Task brief
Write each entry again exactly as shown, but without the images it holds.

Dataset entries
════════════════
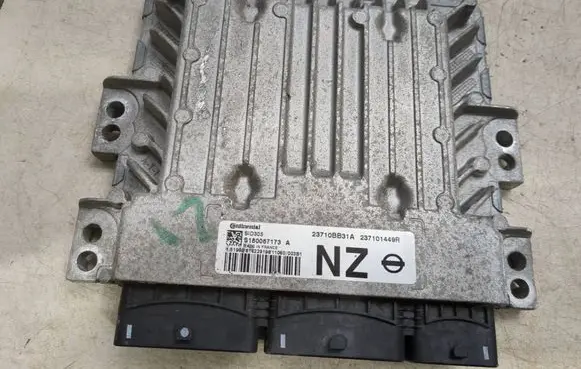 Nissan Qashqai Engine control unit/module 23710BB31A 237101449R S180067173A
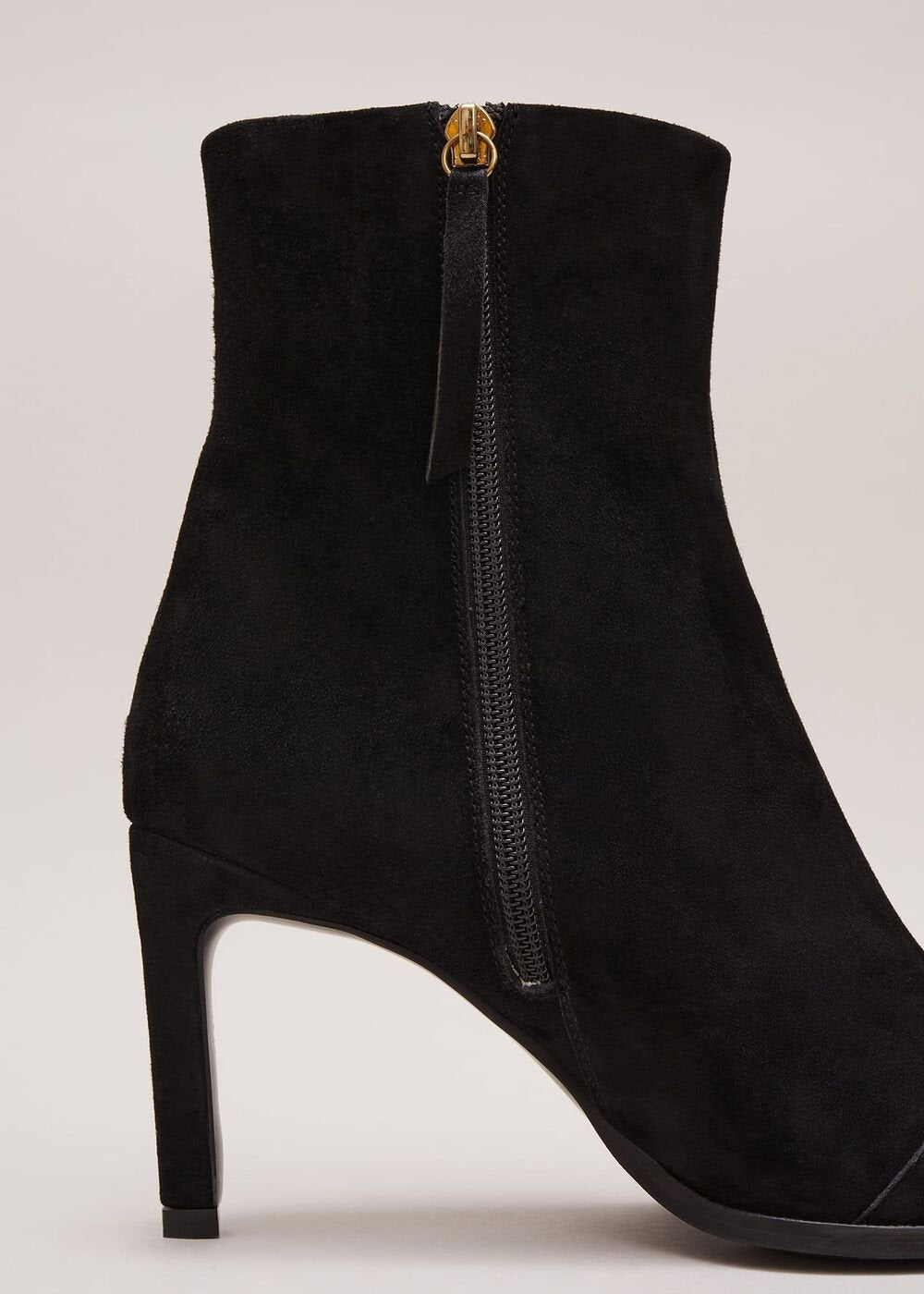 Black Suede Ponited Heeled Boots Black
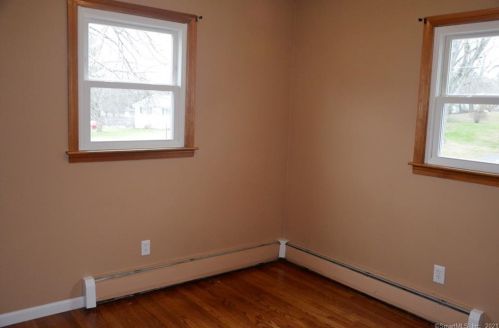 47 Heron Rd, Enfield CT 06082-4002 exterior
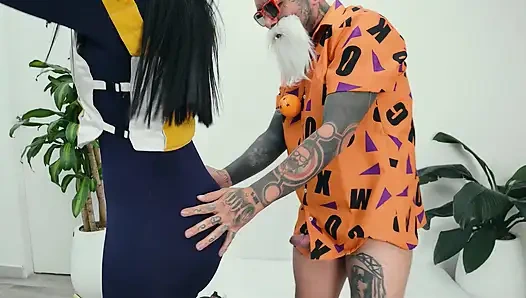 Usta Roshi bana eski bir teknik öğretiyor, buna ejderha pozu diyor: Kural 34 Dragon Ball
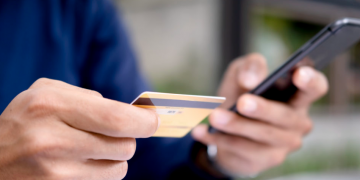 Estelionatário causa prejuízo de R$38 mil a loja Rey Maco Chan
════════════════
Result of this exercise
 Nissan Qashqai Engine control unit/module 23710BB31A 237101449R S180067173A
 Black Suede Ponited Heeled Boots Black
 47 Heron Rd, Enfield CT 06082-4002 exterior
 Usta Roshi bana eski bir teknik öğretiyor, buna ejderha pozu diyor: Kural 34 Dragon Ball
 Estelionatário causa prejuízo de R$38 mil a loja Rey Maco Chan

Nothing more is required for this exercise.